To deliver your latest balances, availability and credit limits, when any of the above events occur, the Network calls your UpdateLimit RPC endpoint.
To deliver detailed updates about important accounting events (specifically events 2, 3 & 4 in the list above), the Network also calls your AppendLedgerEntries RPC endpoint, in addition to UpdateLimit.
Example Payout Walkthrough
Two providers:
- Network Member A (ID=1, licensed in Mexico)
- Network Member B (ID=2, licensed in Philippines)
Credit lines (asymmetric):
- B extends $10,000 credit to A (A can send payouts through B up to $10,000)
- A extends $5,000 credit to B (B can send payouts through A up to $5,000)
Step 1: Payment created
A customer of Member A in Mexico wants to send money to the Philippines. Member B will be providing the payout. Settlement amount will be $1,000.
The Network sends an UpdateLimit request to Member A:
counterpart_id: 2
credit_limit: 10,000
reserve: 1,000 (the 1,000 that is reserved for this transaction)
payout_limit: 9,000 (10,000 - 1,000 reserved)
credit_usage: 0 (1,000 is reserved but not yet confirmed)
Member A is seeing: “My available payout capacity through B dropped from $10,000 to $9,000. $1,000 is reserved for a pending payment.”
Member B sees nothing yet.
Step 2: Payment confirmed
Member B has confirmed the payout. Both Member A and Member B’s ledgers are touched by this event, so they both receive notifications from the Network.
UpdateLimit sent to Member A:
counterpart_id: 2
credit_limit: 10,000
reserve: 0 (the 1,000 that is reserved for this transaction)
payout_limit: 9,000 (10,000 - 1,000 reserved)
credit_usage: 1,000 (1,000 is reserved but not yet confirmed)
Member A is seeing: “The reserve has been converted to credit usage.
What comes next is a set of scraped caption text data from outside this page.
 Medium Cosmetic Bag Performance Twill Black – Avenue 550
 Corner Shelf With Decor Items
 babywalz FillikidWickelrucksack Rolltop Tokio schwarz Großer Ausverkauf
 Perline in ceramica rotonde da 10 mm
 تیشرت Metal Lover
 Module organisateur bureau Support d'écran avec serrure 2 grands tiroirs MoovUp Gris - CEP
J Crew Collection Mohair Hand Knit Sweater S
I’ve used $1,000 of my $10,000 credit line with B. $9,000 remaining.”
Member A also receives an AppendLedgerEntries request, with 2 entries, showing changes to their balance and pay-in accounts with B.
UpdateLimit sent to Provider B:
counterpart_id: 1
credit_limit: 5,000
reserve: 0
payout_limit: 6,000 (5,000 + 1,000 I’m owed)
credit_usage: -1,000
Member B is seeing: “My payout capacity through A has increased from $5,000 to $6,000. My credit usage is -1,000 (negative, meaning I’m owed money, not using credit).”
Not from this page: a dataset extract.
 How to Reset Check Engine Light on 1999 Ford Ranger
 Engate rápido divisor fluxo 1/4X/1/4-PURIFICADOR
Member B also receives an AppendLedgerEntries request, with 2 entries, showing changes to their balance and pay-out accounts with A.
This step demonstrates a key feature of the bidirectional system: when Member A pays out through Member B, it simultaneously increases B’s capacity to pay out through A. A owes B $1,000, which offsets against B’s credit line with A, effectively giving B an extra $1,000 of headroom.
Step 3: Settlement
A owes B money, so A sends a USDT settlement to B’s wallet.
UpdateLimit sent to Member A:
counterpart_id: 2
credit_limit: 10,000
reserve: 0
payout_limit: 10,000 (9,000 + 1,000 sent)
credit_usage: 0 (1,000 - 1,000 sent)
Member A also receives an AppendLedgerEntries request, with 2 entries, showing changes to their balance and settlement-out accounts with B.
UpdateLimit sent to Member B:
counterpart_id: 1
credit_limit: 5,000
reserve: 0
payout_limit: 5,000 (6,000 - 1,000 received)
credit_usage: 0 (-1,000 + 1,000 received)
Member B also receives an AppendLedgerEntries request with 2 entries, showing changes to their balance and settlement-in accounts with A.